## [Records for this task]
------------------------------
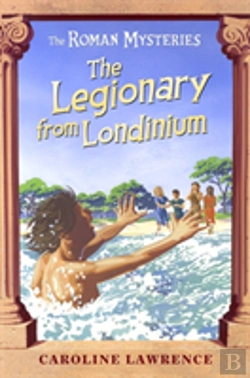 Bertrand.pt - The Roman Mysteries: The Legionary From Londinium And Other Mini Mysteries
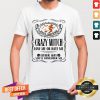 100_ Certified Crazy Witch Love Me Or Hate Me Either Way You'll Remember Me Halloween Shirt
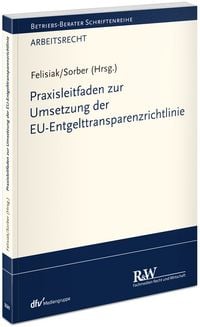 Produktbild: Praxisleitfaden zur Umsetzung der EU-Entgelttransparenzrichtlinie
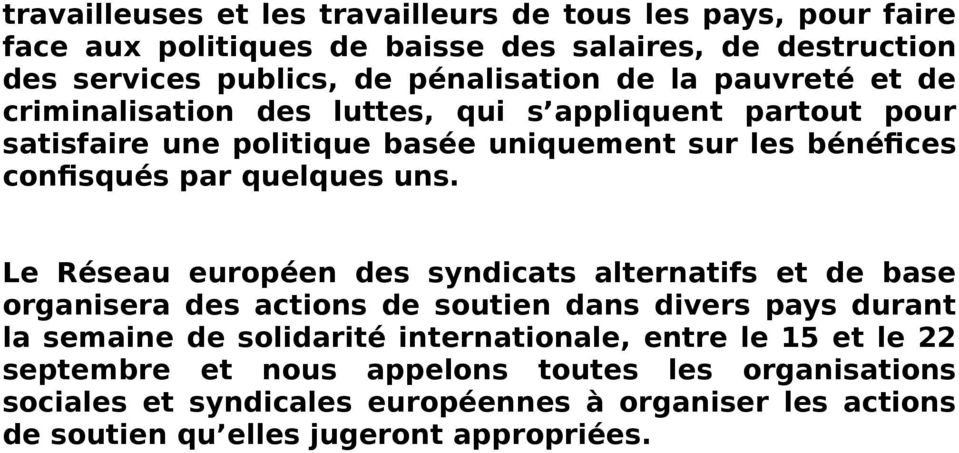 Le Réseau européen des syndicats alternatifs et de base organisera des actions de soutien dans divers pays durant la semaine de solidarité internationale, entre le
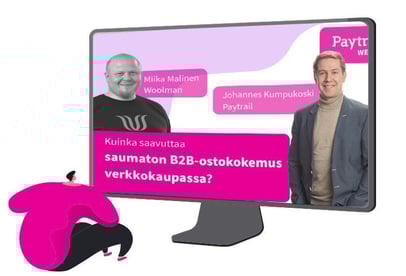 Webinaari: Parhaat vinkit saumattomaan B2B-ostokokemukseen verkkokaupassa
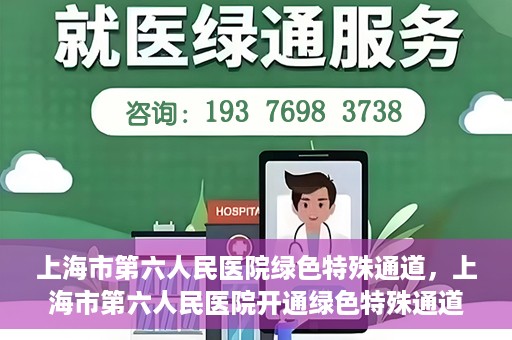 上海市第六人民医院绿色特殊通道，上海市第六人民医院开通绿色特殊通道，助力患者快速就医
------------------------------
## [Problem details]
Could you retype every line above exactly as it appears, skipping the pictures?

## [Answer to the exercise]
 Bertrand.pt - The Roman Mysteries: The Legionary From Londinium And Other Mini Mysteries
 100_ Certified Crazy Witch Love Me Or Hate Me Either Way You'll Remember Me Halloween Shirt
 Produktbild: Praxisleitfaden zur Umsetzung der EU-Entgelttransparenzrichtlinie
 Le Réseau européen des syndicats alternatifs et de base organisera des actions de soutien dans divers pays durant la semaine de solidarité internationale, entre le
 Webinaari: Parhaat vinkit saumattomaan B2B-ostokokemukseen verkkokaupassa
 上海市第六人民医院绿色特殊通道，上海市第六人民医院开通绿色特殊通道，助力患者快速就医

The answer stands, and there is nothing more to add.